== DATA RECORDS
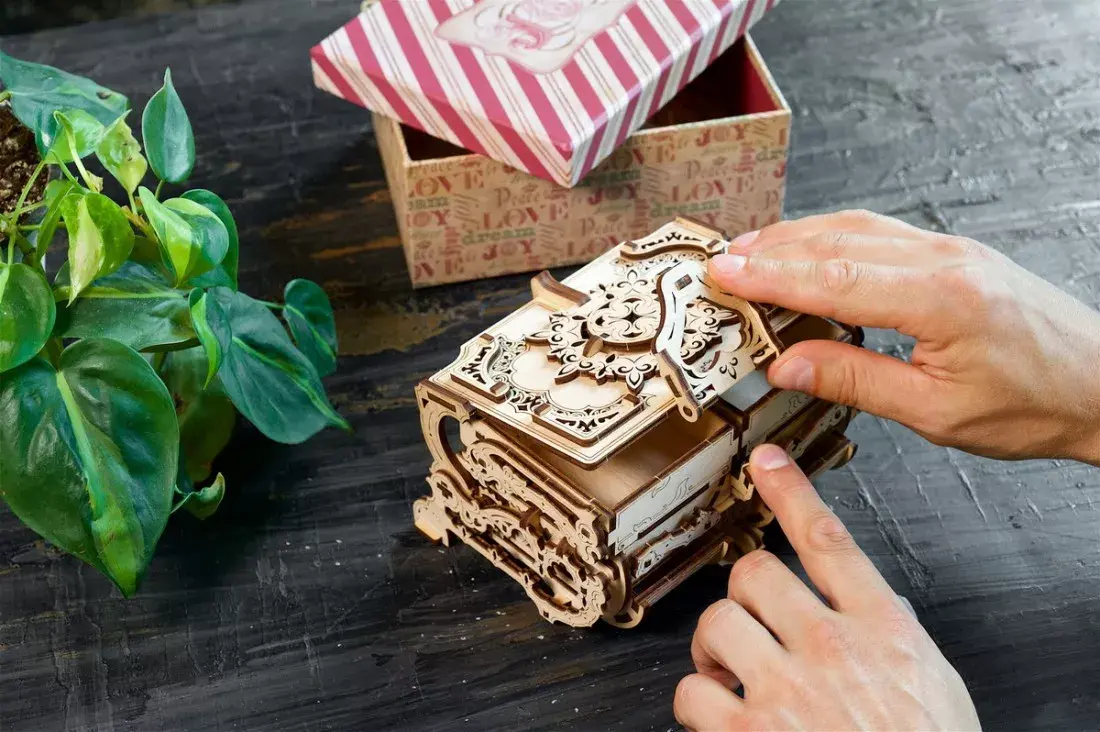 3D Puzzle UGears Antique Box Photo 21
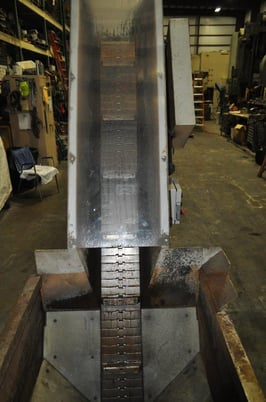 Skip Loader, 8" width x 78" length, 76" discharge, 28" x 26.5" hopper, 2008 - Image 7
====
== DATA RECORDS
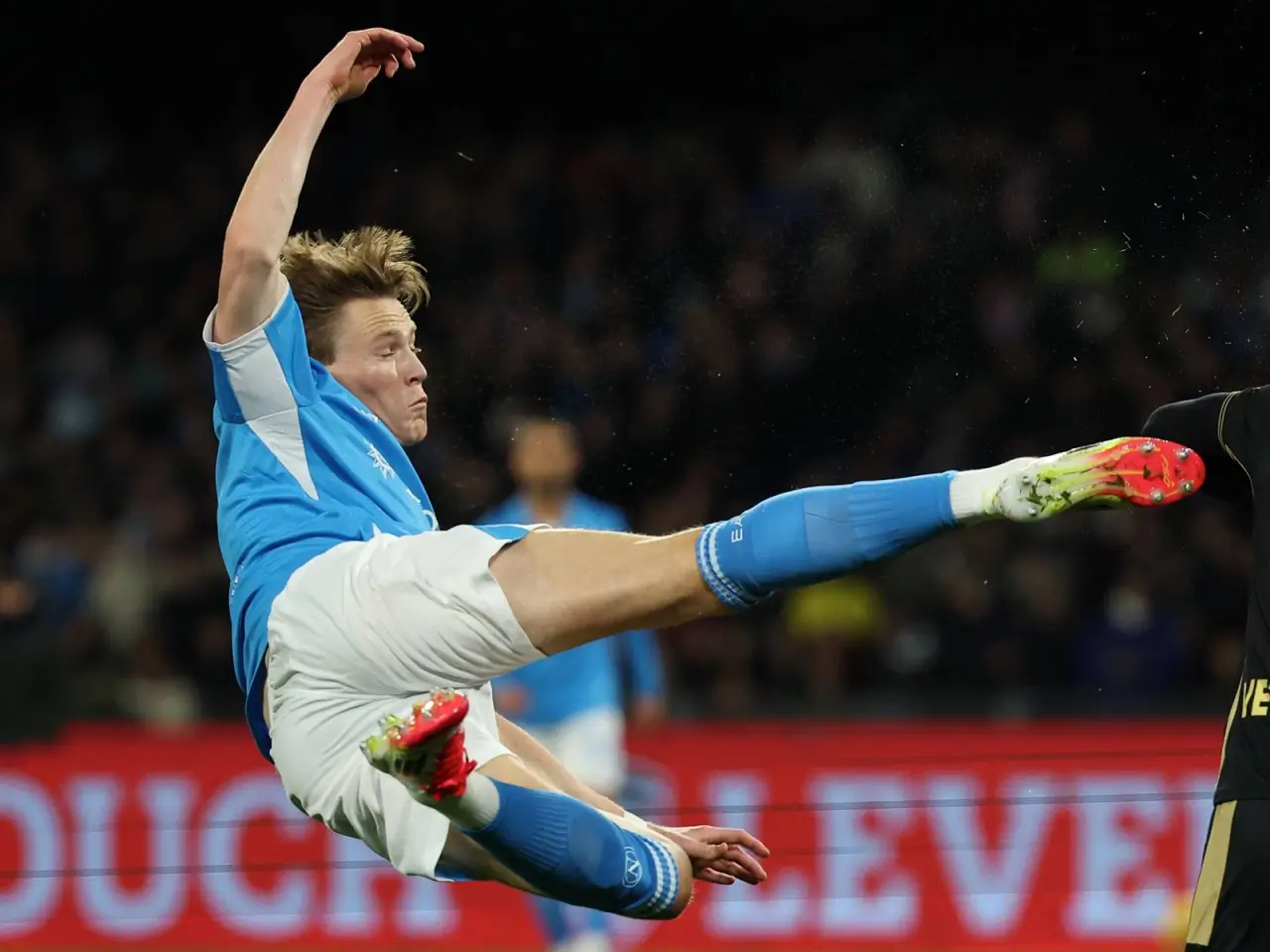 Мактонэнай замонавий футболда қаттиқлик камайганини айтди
====
== DATA RECORDS
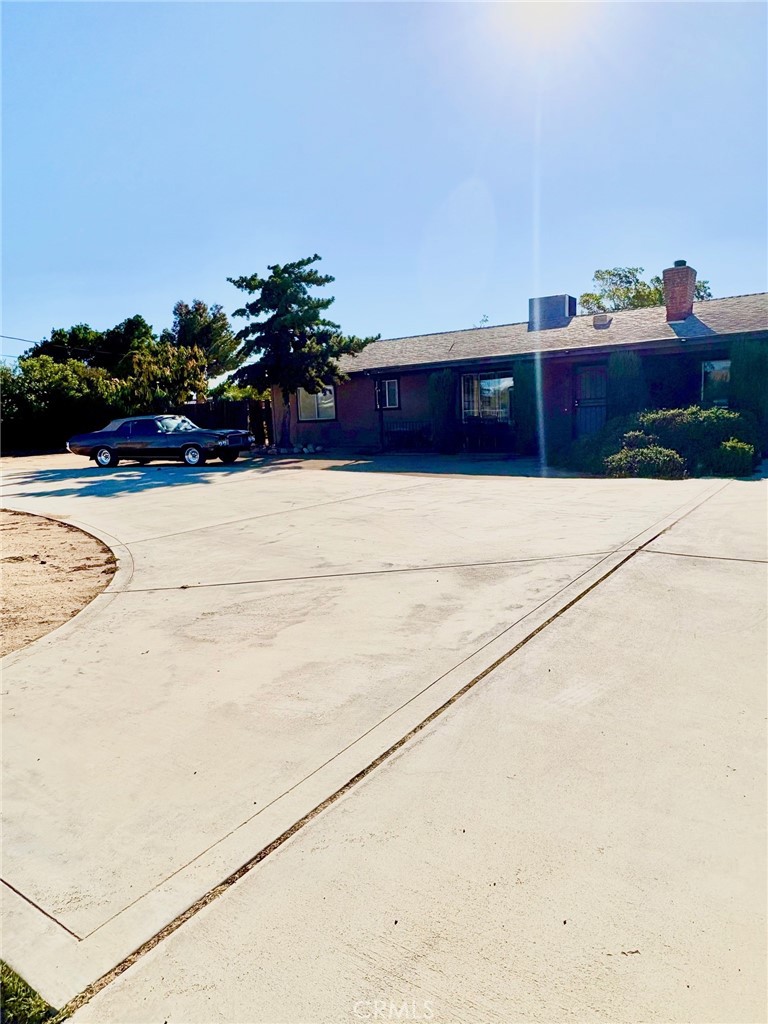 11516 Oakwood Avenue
====
■ **WHAT IS BEING ASKED**
Write out, word for word, the stretch of entries that begins at the line with "3D Puzzle UGears Antique Box Photo 21" and ends at the line with "2008 - Image 7". Pictures do not belong in it.

■ **SOLVED PROBLEM**
 3D Puzzle UGears Antique Box Photo 21
 Skip Loader, 8" width x 78" length, 76" discharge, 28" x 26.5" hopper, 2008 - Image 7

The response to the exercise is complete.